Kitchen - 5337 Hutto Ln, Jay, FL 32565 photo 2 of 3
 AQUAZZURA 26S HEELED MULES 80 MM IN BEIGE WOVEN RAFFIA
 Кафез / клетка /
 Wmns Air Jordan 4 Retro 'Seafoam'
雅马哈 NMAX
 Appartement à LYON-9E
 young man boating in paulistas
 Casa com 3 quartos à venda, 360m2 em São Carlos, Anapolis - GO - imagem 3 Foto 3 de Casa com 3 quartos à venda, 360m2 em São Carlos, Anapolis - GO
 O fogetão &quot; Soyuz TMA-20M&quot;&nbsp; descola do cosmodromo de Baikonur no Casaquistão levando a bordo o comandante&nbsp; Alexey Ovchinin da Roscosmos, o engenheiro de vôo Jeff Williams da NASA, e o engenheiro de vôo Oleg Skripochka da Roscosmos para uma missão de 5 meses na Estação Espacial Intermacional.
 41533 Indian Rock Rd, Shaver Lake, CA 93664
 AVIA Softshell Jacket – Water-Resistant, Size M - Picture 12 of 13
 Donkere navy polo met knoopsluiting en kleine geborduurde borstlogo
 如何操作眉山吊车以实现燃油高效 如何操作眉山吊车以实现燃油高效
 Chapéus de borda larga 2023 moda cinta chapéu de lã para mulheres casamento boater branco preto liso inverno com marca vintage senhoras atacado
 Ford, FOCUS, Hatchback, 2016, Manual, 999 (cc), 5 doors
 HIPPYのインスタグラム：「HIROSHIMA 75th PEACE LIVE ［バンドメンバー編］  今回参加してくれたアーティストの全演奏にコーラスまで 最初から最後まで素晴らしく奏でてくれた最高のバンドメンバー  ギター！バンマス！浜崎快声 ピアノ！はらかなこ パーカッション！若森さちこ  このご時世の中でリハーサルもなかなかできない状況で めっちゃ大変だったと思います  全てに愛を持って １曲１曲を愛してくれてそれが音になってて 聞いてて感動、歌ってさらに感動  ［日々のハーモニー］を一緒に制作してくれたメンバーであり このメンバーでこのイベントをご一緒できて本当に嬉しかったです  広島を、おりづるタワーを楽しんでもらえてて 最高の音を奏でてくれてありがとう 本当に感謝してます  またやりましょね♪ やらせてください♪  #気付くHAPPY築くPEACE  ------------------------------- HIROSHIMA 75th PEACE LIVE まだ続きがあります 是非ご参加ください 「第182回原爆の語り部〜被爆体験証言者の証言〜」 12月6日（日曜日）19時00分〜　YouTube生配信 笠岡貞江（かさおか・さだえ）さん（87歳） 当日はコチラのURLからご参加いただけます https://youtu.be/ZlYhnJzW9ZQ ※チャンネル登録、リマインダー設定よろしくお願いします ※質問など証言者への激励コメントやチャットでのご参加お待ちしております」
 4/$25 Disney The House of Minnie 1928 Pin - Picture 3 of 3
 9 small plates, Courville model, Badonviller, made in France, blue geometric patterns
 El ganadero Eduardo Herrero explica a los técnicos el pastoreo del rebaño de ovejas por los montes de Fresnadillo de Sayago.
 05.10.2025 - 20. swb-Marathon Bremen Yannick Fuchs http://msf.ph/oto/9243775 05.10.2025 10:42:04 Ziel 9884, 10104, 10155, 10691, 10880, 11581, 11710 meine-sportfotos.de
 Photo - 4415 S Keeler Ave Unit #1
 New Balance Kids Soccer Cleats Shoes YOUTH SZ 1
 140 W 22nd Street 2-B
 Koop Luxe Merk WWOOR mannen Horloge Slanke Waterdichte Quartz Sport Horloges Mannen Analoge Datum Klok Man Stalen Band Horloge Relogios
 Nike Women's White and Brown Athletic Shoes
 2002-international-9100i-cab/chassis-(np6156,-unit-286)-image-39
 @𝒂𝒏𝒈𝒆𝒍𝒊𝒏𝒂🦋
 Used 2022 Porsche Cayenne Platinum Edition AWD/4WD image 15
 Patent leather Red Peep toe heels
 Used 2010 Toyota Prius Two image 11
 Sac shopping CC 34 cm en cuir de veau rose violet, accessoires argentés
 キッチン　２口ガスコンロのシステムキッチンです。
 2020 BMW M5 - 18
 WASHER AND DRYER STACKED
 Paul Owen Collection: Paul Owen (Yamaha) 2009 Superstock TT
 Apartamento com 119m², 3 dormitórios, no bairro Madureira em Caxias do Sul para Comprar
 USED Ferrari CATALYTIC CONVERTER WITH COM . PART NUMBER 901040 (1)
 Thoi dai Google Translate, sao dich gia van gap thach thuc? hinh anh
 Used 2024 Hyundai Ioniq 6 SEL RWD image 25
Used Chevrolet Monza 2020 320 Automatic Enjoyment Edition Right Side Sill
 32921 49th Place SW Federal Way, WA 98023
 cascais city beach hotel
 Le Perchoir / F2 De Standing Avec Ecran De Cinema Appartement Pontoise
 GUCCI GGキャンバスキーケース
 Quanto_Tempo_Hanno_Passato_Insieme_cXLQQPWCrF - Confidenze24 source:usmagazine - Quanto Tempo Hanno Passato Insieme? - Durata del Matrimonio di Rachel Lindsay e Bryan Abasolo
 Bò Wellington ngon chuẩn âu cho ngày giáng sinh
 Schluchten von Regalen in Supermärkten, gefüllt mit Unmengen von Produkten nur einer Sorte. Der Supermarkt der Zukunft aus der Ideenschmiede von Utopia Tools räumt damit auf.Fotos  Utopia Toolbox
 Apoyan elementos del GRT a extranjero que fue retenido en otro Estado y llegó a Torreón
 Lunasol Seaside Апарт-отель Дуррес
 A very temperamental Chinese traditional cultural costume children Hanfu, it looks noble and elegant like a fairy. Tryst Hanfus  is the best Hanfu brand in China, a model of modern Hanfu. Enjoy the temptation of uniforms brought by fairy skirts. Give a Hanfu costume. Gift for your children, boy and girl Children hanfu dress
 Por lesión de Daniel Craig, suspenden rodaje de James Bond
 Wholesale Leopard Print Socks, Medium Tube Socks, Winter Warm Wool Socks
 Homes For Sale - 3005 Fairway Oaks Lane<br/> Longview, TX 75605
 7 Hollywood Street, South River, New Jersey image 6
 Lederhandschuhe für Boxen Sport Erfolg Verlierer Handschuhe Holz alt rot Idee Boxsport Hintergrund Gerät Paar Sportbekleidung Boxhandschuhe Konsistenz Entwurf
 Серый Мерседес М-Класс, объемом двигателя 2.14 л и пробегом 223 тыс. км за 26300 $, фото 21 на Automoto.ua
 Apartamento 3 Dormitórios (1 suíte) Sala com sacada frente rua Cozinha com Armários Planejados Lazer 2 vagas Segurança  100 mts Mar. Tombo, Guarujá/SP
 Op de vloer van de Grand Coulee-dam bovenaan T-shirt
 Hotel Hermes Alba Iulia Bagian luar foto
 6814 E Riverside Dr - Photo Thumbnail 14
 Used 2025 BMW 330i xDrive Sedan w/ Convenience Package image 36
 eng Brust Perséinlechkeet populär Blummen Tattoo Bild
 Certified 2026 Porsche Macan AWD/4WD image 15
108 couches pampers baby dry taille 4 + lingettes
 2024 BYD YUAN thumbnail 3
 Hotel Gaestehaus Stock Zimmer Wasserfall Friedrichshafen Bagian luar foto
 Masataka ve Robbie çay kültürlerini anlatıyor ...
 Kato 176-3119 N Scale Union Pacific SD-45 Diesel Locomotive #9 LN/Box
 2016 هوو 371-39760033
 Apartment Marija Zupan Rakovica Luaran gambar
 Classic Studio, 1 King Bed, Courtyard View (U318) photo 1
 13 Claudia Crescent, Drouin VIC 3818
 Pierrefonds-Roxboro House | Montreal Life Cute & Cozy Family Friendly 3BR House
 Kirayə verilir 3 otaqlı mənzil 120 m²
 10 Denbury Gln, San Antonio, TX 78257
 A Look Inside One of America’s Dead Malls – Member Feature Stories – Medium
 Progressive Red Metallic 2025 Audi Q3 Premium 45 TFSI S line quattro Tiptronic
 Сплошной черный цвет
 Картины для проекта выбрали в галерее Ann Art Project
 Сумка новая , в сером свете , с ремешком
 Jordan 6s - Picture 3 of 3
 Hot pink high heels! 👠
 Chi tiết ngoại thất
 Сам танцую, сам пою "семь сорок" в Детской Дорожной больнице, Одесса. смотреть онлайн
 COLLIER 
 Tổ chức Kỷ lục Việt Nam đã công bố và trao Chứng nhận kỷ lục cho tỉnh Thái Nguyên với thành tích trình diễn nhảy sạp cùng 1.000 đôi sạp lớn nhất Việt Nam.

▬▬▬▬▬▬▬▬▬▬

# PROBLEM STATEMENT
Taking the listing above as the source, transcribe only the lines starting at the line with "cascais city beach hotel" and going through the line with "Bò Wellington ngon", unaltered and with both ends included.

# PROBLEM SOLUTION
 cascais city beach hotel
 Le Perchoir / F2 De Standing Avec Ecran De Cinema Appartement Pontoise
 GUCCI GGキャンバスキーケース
 Quanto_Tempo_Hanno_Passato_Insieme_cXLQQPWCrF - Confidenze24 source:usmagazine - Quanto Tempo Hanno Passato Insieme? - Durata del Matrimonio di Rachel Lindsay e Bryan Abasolo
 Bò Wellington ngon chuẩn âu cho ngày giáng sinh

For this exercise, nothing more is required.